Jack Perkowski, renowned China expert, will be speaking at China Investment Summit in London on 25-28 Oct.
The Summit will bring together European and institutional investors, sovereign wealth funds, banks, fund managers, regulators and others seeking to access investment opportunities in China. Jack will be speaking at the Summit, along with Jing Ulrich, head of China research at JP Morgan, James Kynge, editor of The Financial Times’s China Confidential and author of bestseller China Shakes the World, Marc Faber, author of The Gloom Boom & Doom Report, and many, many other notable speakers.
In advance of the Summit, below are some Q&As from Jack for the event official website.
What will be the top three drivers in China’s economy be in 2012?
As always, the Chinese government will head the list of economic drivers as it continues to make large investments in key sectors such as power generation, transportation, health care and renewable energy. Moreover, China operates under a five-year planning cycle, and 2012 will be the second year of the country’s 12th Five-Year Plan, covering the years 2011 to 2015. This is important, because the second, third and fourth years in China’s five-year plans typically have the highest spending levels. Because a new five-year plan in China is not approved until the National People’s Congress, the country’s top legislature, meets in March, the first year (2011 in this case) only has a partial-year effect. By year five, the country’s investment programs are winding down and the government bureaus are beginning work on the next plan, leaving the middle years as the most active, from an investment point of view.
Foreign direct investment (FDI) will also continue to drive China’s economy. According to a United Nations report, China was the second-largest recipient of FDI in 2009, attracting $95 billion, behind the U.S. with $130 billion. FDI rose to a record $105.7 billion in 2010, and is up another 18.6 percent through the first seven months of this year. As the world’s fastest-growing large economy, corporations from all over the world will continue to invest ever-increasing amounts in the country in order to secure their share of the China market.
Finally, consumer spending continues to rise in China and is becoming an important economic driver for the country as a whole.
China is now the largest automotive market in the world by far, and the long lines at the Apple store in Beijing, the crowded restaurants, and the robust sales of fashion items all tell the same story — Chinese consumers are on a spending spree.
What are the three asset classes experiencing the most growth in China today?
As a category, alternative investments — ranging from direct investments by foreign corporations in Chinese joint ventures and wholly owned facilities, to investments by private equity firms in all sectors of the economy — will continue to be the best way to invest large amounts of capital in China.

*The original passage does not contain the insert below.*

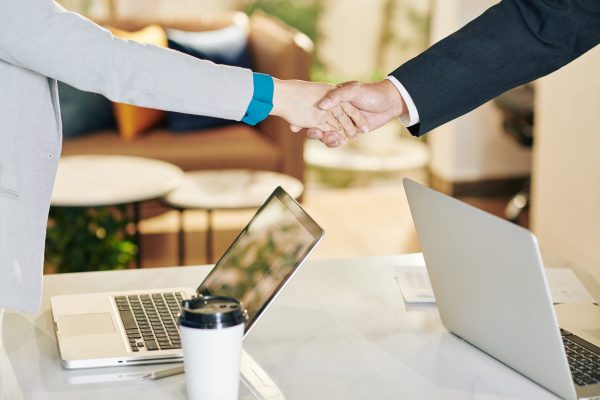 Close-up image of businessman and businesswoman shaking hands after discussing work at meeting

Ask any foreign private equity firm, and they will tell you that they would like to find more investments in the country.
Despite the negative press it has received lately, real estate will also continue to be one of the fastest growing asset classes. While the property markets — and prices – have been red hot in Beijing, Shanghai and other Tier 1 cities, a growing economy will require more commercial and industrial space, and China’s large population will need more housing. This is particularly true in China’s Tier 2, 3 and 4 cities where many experts believe the greatest growth in China will occur in the next 10 years. China’s tightening measures are creating unprecedented opportunities in real estate for foreign investors. According to CBRE Research China, about 45 percent of real estate investment deals in China in the first half of 2011 were made by overseas institutional investors, much of that in China’s smaller cities.

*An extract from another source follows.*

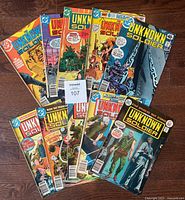 10 vintage D.C. The Unknown Soldier comic books arranged fan-wise showing front covers with varied war-themed illustrations and visible signs of age wear.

Finally, demand for common stocks continues to build. In 2010, a total of 321 companies went public on Shenzhen’s SME and ChiNext (GEM) boards, raising a total of nearly RMB 300 billion ($46 billion) in funds. The number of companies that listed was more than three times the 90 companies that listed in 2009, and the capital raised was almost five times the RMB 62.8 billion ($9.7 billion) that was raised in the previous year. An additional 150 companies have already listed in 2011, and more will be sure to join the ranks of publicly listed companies in 2012.
What are the three biggest challenges that foreign investors will face in 2012 when entering the Chinese market?
The biggest challenge that foreign investors will face when entering the China market in 2012 is the intense competition that exists for good deals. While the Chinese economy is growing, and more and more interesting companies are being created every year, the demand for good deals is growing even faster. Global investors would like to invest more in China, and they are now finding themselves in competition with an ever-increasing number of local investors that know the landscape and have substantial funds to invest.
As evidenced by the devastation of the market values of U.S.-listed Chinese companies that has occurred, overcoming the information and credibility gaps that exist between China and the rest of the world will continue to be a major challenge for foreign investors. Without a major local presence — or access to a trusted and reliable organization that has one — it is very difficult for foreign investors to really know what is going on with respect to their investments in China.
While much progress has been made, corporate governance will also continue to be a major challenge. Many Chinese management teams that are taking their companies public in China or in overseas capital markets do not understand what is required to run a publicly listed company. More often not, the results are frustrated management teams and disappointed investors.